Jane Austen the Prose Shakespeare (and Age & Gender Equity in the Arts then and now)

Tomorrow night, my wife and I are very much looking forward to attending a launch celebration at the Portland Center Stage at 6:30 pm for a worthy new local tax-exempt organization here in Portland which we just became aware of, Age & Gender Equity in the Arts, founded by our new friend, Jane Vogel….
… which has as its stated mission “to empower and promote the visibility of women across the life span in the performing arts, affecting a paradigm shift in the culture”.

One of AGE’s promising initiatives, beginning in 2016, will be to recognize and provide support to theater entities in the Portland metropolitan area “which promote and exhibit age and gender equity in their programming” —and that latter goal is epitomized by a quote at the website, “A theater that is missing the work of women is missing half the story, half the canon, half the life of our time." (Marsha Norman, author, inter alia, of the critically acclaimed play which Jackie and I saw many years ago,“ ‘Night, Mother”).

Of course, like any Janeite worth his or her salt, I immediately connected that Marsha Norman quotation to Anne Elliot’s famous and inspiring feminist rebuttal to Captain Harville’s sexist take on literature in Jane Austen’s final completed novel, Persuasion:

[Harville]: “…If I had such a memory as Benwick, I could bring you fifty quotations in a moment on my side the argument, and I do not think I ever opened a book in my life which had not something to say upon woman's inconstancy. Songs and proverbs, all talk of woman's fickleness. But perhaps you will say, these were all written by men."
[Anne] "Perhaps I shall. Yes, yes, if you please, no reference to examples in books. Men have had every advantage of us in telling their own story. Education has been theirs in so much higher a degree; the pen has been in their hands. I will not allow books to prove anything."

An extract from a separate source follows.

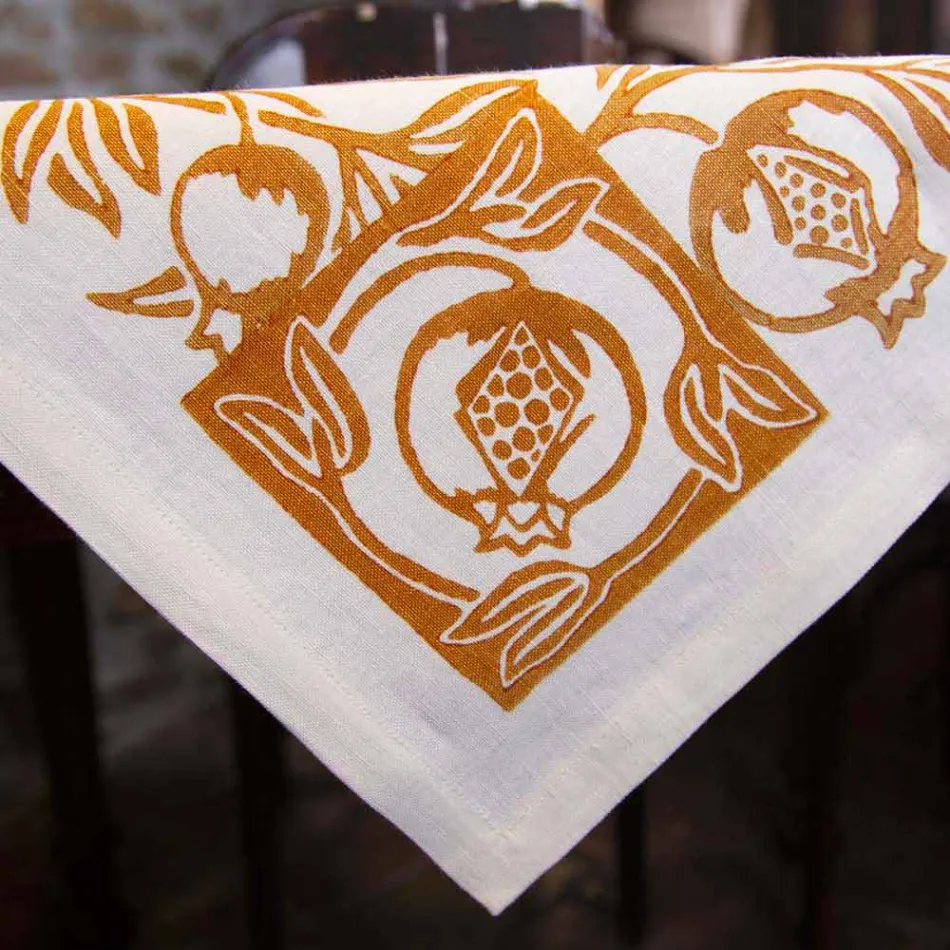 High Artistic Linen Tablecloth with Italian Art Hand Print - Brands Viadurini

If AGE is successful, many more pens (and stages) will eventually wind up in the hands of women of all colors and sexual orientations, a worthy goal that I am certain Jane Austen wished to promote in her own extraordinary way, and would be glad to know that her name was being used to help AGE accomplish its mission.

One of the parts of tomorrow night’s AGE program I am especially looking forward to, for personal reasons, is the presentation by Daniel Pollack-Pelzner, English Prof. at Linfield College, on the subject of strong female characters in Shakespeare’s plays. I was sorry to have missed his talk to the local JASNA chapter here in Portland last May (because my wife and I only moved out here six months ago), when he presented his 2013 article (in SEL, 1500-1900 53.4, ppg. 763-92) entitled “Jane Austen, the Prose Shakespeare”.

I read his article a while ago when it was first published, and I highly recommend it, in its entirety, to all  studious Janeites, as it represents high quality mainstream Austen scholarship – by which I mean that while he (unlike myself) does not venture that far outside the box theoretically, he provides a great deal of excellent and meaty close textual reading and imaginative inference therefrom, and coats it all in a relatively modest amount of litcrit jargon (and that’s most welcome and rare in much scholarly criticism these days). In other words, he writes in mostly plain English, and he writes for the lay reader as well as the academic, and he has something original and important to say about Jane Austen.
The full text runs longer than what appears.